> Given data:

------------------------------

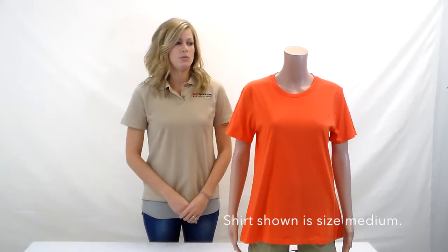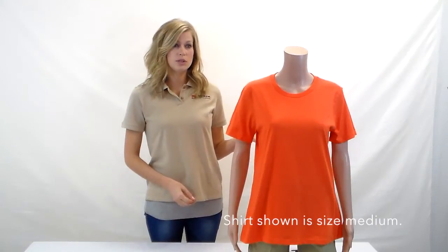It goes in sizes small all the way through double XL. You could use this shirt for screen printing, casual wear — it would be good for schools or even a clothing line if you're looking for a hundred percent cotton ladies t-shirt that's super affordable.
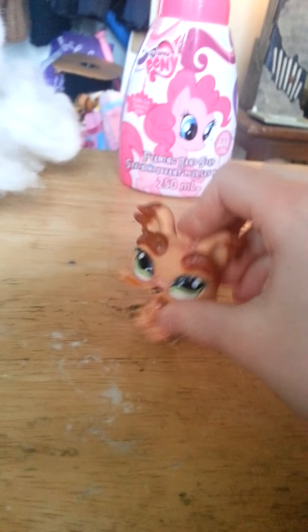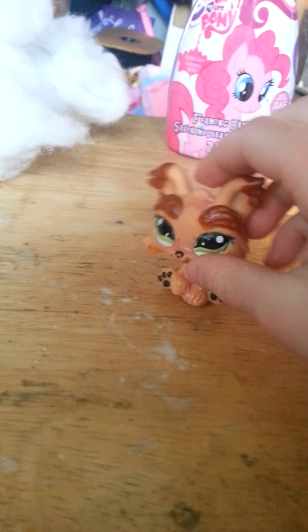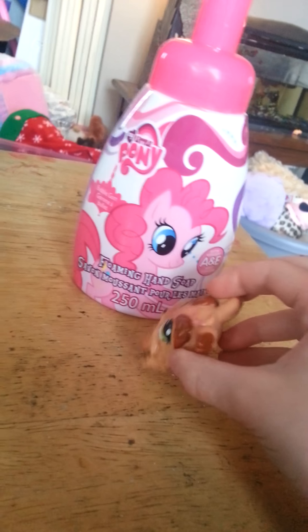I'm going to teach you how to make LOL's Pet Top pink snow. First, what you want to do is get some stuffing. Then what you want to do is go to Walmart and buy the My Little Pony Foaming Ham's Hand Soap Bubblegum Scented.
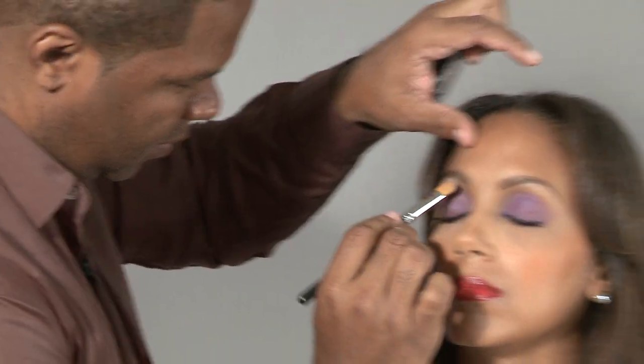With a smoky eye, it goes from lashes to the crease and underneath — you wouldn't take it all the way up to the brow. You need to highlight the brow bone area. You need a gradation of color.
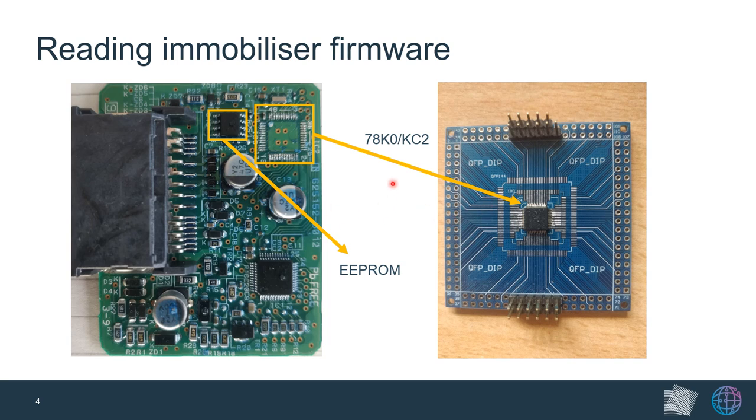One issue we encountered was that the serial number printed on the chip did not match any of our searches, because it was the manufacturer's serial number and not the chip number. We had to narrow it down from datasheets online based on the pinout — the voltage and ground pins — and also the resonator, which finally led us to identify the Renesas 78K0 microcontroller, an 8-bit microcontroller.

------------------------------

> Requirement:
Your response should reproduce the entire listing verbatim, minus the pictures.

> Solution to this task:
It goes in sizes small all the way through double XL. You could use this shirt for screen printing, casual wear — it would be good for schools or even a clothing line if you're looking for a hundred percent cotton ladies t-shirt that's super affordable.
I'm going to teach you how to make LOL's Pet Top pink snow. First, what you want to do is get some stuffing. Then what you want to do is go to Walmart and buy the My Little Pony Foaming Ham's Hand Soap Bubblegum Scented.
With a smoky eye, it goes from lashes to the crease and underneath — you wouldn't take it all the way up to the brow. You need to highlight the brow bone area. You need a gradation of color.
One issue we encountered was that the serial number printed on the chip did not match any of our searches, because it was the manufacturer's serial number and not the chip number. We had to narrow it down from datasheets online based on the pinout — the voltage and ground pins — and also the resonator, which finally led us to identify the Renesas 78K0 microcontroller, an 8-bit microcontroller.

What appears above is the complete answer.